=== Exercise ===
From the top of the records below, return each line exactly, ending with the line that contains "Mitsubishi Pajero 4".

┌─ Task input

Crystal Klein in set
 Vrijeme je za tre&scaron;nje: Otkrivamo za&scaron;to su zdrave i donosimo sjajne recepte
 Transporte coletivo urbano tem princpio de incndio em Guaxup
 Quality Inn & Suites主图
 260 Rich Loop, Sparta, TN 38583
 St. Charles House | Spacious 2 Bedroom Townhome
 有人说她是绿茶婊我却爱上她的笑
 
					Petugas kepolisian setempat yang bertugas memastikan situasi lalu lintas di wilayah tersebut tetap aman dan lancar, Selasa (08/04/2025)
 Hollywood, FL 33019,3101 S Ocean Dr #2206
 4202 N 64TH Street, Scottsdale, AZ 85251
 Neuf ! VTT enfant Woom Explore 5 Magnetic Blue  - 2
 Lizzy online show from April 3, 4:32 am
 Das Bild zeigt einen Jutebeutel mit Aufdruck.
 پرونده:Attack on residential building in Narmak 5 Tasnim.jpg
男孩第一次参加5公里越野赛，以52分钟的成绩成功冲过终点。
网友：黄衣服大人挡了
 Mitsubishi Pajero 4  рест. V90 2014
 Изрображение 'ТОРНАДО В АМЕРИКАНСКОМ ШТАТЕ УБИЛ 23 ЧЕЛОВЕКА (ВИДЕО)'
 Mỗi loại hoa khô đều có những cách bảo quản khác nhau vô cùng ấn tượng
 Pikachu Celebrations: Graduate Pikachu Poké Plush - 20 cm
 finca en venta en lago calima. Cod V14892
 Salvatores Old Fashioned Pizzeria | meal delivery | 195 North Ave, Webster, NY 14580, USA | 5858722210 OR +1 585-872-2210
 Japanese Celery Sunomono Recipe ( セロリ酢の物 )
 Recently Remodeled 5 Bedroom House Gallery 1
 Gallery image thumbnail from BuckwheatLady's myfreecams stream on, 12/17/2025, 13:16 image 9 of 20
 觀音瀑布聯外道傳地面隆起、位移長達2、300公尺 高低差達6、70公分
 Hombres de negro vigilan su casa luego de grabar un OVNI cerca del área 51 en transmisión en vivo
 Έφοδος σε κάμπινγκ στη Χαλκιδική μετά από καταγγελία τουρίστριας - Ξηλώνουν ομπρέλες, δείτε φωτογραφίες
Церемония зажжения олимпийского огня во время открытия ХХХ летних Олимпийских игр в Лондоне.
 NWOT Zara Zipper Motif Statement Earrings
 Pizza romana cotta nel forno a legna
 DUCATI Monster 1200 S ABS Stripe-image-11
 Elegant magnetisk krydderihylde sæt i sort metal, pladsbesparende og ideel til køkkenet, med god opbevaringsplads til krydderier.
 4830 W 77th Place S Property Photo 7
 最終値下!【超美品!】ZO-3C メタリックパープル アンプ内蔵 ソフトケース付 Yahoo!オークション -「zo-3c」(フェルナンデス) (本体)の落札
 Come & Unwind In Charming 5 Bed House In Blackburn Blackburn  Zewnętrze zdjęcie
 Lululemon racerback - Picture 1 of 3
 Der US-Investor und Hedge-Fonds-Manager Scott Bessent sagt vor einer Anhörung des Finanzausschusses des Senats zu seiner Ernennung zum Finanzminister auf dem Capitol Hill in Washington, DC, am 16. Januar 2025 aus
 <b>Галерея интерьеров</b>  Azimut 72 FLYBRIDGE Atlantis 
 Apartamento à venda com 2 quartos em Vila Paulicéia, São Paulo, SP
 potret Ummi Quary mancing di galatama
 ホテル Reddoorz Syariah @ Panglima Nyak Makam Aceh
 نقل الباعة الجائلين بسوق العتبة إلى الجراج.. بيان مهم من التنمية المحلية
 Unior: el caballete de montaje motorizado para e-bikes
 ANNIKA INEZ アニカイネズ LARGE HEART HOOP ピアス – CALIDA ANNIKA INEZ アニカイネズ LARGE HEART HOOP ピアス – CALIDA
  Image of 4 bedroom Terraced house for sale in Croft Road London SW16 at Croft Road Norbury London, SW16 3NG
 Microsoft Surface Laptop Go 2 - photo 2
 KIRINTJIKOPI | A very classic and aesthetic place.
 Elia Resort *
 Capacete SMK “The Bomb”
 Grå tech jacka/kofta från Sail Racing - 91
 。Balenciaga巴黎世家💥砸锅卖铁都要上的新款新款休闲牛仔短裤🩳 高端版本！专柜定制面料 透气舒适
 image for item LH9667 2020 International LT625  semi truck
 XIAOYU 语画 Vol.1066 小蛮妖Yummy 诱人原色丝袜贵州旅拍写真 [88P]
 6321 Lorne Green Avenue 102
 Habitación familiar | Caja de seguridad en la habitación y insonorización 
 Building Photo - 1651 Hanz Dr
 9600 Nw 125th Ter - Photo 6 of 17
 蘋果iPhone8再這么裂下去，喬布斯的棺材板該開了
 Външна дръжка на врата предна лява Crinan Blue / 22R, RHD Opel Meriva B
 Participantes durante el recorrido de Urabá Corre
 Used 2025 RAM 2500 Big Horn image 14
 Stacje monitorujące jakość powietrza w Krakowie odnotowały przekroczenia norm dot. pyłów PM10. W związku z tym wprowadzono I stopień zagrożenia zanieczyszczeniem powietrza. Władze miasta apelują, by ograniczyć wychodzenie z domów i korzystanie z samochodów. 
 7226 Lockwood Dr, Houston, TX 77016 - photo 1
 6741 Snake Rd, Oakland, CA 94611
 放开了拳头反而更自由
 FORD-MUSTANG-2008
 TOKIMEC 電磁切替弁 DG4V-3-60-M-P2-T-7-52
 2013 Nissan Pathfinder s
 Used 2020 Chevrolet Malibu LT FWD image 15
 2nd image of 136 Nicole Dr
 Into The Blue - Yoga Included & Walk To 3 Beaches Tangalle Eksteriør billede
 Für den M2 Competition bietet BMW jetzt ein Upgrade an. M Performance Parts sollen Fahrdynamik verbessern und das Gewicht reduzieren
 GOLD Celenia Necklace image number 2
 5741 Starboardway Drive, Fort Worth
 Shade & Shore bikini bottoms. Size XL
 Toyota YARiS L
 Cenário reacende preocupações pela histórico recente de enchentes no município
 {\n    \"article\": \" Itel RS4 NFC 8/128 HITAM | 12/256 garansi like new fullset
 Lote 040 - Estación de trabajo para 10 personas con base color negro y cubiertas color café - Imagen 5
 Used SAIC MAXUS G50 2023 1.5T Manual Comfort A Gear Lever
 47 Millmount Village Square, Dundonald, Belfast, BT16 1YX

└─

=== Completed exercise ===
Crystal Klein in set
 Vrijeme je za tre&scaron;nje: Otkrivamo za&scaron;to su zdrave i donosimo sjajne recepte
 Transporte coletivo urbano tem princpio de incndio em Guaxup
 Quality Inn & Suites主图
 260 Rich Loop, Sparta, TN 38583
 St. Charles House | Spacious 2 Bedroom Townhome
 有人说她是绿茶婊我却爱上她的笑
 
					Petugas kepolisian setempat yang bertugas memastikan situasi lalu lintas di wilayah tersebut tetap aman dan lancar, Selasa (08/04/2025)
 Hollywood, FL 33019,3101 S Ocean Dr #2206
 4202 N 64TH Street, Scottsdale, AZ 85251
 Neuf ! VTT enfant Woom Explore 5 Magnetic Blue  - 2
 Lizzy online show from April 3, 4:32 am
 Das Bild zeigt einen Jutebeutel mit Aufdruck.
 پرونده:Attack on residential building in Narmak 5 Tasnim.jpg
男孩第一次参加5公里越野赛，以52分钟的成绩成功冲过终点。
网友：黄衣服大人挡了
 Mitsubishi Pajero 4  рест. V90 2014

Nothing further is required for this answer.